Web scraping fantasy football data using R
Now the amount of data on the FPL website is good; everyone’s scores are public and you can see your own points week by week. However, clicking from week to week is a bit clunky and the individual player scores, located below the player’s jersey are rather small and don’t take centre stage. The page has a pitch layout as it is user friendly; it makes setting a formation, transferring players and making substitutions intuitive but it isn’t helpful for data analysis.

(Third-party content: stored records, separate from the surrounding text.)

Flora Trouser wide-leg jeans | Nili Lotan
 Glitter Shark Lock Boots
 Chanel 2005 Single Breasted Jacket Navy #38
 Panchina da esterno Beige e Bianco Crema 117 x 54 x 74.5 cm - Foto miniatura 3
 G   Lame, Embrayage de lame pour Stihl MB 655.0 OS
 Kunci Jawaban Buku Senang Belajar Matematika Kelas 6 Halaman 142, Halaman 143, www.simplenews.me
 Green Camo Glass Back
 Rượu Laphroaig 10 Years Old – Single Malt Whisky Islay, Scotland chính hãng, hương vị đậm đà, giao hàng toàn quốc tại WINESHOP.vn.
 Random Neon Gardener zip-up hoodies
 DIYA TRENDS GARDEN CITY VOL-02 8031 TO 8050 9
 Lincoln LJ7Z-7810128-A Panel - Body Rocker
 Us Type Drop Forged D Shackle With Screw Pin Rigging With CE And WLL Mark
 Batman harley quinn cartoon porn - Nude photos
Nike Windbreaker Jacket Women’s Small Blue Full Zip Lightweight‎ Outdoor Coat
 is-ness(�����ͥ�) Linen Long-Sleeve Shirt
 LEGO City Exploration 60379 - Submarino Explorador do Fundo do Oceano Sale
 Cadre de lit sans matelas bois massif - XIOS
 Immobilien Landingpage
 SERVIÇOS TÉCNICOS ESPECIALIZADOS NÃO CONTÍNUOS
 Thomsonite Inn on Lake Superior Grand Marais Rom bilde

At first I thought about simply copying and pasting numbers week by week into a spreadsheet, but for 38 weeks this would have been incredibly error prone and time consuming. So that’s when I had the idea of web scraping the data by writing a script to do the tedious work for me. I had never web scraped any data before, however I read an article on Kaggle about web scraping beer data from a website and it sounded relatively simple and an interesting new skill to learn.
I decided I would try to write it in Python using BeautifulSoup, and it seemed relatively simple to get going; I managed to write a short script that seemed to be working – I was able to scrape data from the menus and static text on the FPL site. This is content everyone would see when visiting the site but when it came to taking player’s names, teams, and most importantly points hauls the script drew a blank. After a bit of research I realised it was because player data is JavaScript generated content. Users individual players and points are unique and based on team selection and bench and captaincy choices. Even when visiting a specific users page for a specific gameweek the content was still JS generated. Back to the drawing board.
So I did some research and attempted to write a Python script that could handle JavaScript content (basically the script would have to run as if it were a person visiting the site to get the JavaScript to run). I half-heartedly attempted a few different options that I saw people were recommending on Stack Overflow (DryScape and Selenium were two packages/methods I saw referenced multiple times and subsequently tried and to get working). It just seemed like a lot of effort for a simple process of collecting 15 names and numbers for 38 different pages. I can use Python, however I am not massively experienced with it and I am sure this is partly to blame for the issues I ran into here.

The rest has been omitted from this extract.